The communication tradition in academia holds that communication is an afterthought. Do research first, and then put something in writing afterward to satisfy grant requirements or university policies. And make sure to write this in a way that peers understand and expect (which means that readability is relative). Anything more aggressive is either impractical, or not allowed.

It’s not practical because there’s rarely any budget for this kind of work—-which in fact takes us even a step farther back in our criticisms, since almost all science funding in America comes from federal sources like the National Science Foundation, the National Institutes of Health, and the Department of Defense.  The NSF and NIH have not traditionally valued communication modules or programs, although this attitude is slowly changing.

Academic and other research institutions can’t support research communication work themselves because their communications offices rarely have the time, resources or expertise to reach down to the research level. Most of their work is focused on higher level communication issues—university press and public relations—which is why you most often see a press release announcing study results but not a website, a paper written for public consumption, or a network built to connect other researchers in this space.

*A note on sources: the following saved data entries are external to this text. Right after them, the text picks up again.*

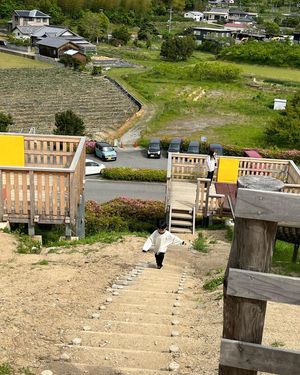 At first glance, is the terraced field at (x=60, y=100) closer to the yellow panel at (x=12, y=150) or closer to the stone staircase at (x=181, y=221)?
the yellow panel at (x=12, y=150)

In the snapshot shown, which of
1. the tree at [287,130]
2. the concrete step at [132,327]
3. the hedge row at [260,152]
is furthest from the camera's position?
the tree at [287,130]

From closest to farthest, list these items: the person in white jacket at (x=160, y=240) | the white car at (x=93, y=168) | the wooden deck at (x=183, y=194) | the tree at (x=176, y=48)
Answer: the person in white jacket at (x=160, y=240), the wooden deck at (x=183, y=194), the white car at (x=93, y=168), the tree at (x=176, y=48)

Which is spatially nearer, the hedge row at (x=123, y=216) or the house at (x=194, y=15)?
the hedge row at (x=123, y=216)

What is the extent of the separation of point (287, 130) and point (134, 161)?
32.5 feet

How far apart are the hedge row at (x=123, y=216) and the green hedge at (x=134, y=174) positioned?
695 cm

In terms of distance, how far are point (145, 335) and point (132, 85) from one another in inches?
1732

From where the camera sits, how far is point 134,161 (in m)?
27.1

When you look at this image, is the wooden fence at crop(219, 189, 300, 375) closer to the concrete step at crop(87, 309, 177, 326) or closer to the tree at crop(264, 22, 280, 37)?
the concrete step at crop(87, 309, 177, 326)

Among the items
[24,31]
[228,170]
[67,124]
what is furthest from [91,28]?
[228,170]

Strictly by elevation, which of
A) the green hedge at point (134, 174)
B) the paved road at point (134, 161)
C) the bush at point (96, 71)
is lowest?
the paved road at point (134, 161)

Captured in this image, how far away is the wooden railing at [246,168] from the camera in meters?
16.0

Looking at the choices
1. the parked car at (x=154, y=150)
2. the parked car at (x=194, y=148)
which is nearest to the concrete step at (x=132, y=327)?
the parked car at (x=194, y=148)

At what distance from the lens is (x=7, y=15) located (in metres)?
95.6

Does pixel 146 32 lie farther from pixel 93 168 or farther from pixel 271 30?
pixel 93 168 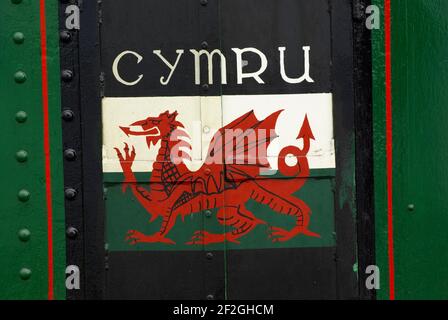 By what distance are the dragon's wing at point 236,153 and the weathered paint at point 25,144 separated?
49 cm

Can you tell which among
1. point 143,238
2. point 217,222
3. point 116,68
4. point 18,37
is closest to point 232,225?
point 217,222

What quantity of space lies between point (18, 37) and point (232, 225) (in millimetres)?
949

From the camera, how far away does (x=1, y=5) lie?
1748 mm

On the “not allowed” score, the work that researchers are most often compelled to publish (for tenure points, grant requirements and so forth) comes with strings attached. Unless this work is published in an “open access” journal—and the overwhelming majority of science research is not—-then the subscription access journal holds some amount of copyright over this work. These publishers can—and sometimes do—demand that institutions take down materials from their websites that professors have dared to post (thinking that it was okay to do so). Note the recent take-down demands issued across the country by Elsevier, the world’s largest journal publisher. What’s left is federally-funded research, locked up behind pay walls that universities need to pay (again) to access, with the billions of dollars in profits accruing to private publishers. It’s a wacky system, and one that is only very slowly changing but that probably won’t change substantially any time soon without a major market shock of some kind—maybe new open access rules imposed by the federal government (which is happening, but only at the margins).

So to recap: Do professors need to speak out more? Yes. Can they? Not really—not in the current environment. Traditions in academia need to change, the tenure system needs to change, journal publishing needs to change, our federal research funding systems need to change, and new systems need to evolve to replace these displaced systems.

All of this will happen—it needs to happen—but it won’t be as simple as issuing a call to arms. “Professors, We Need You!” is really just skimming the surface of this issue. But it is a good start.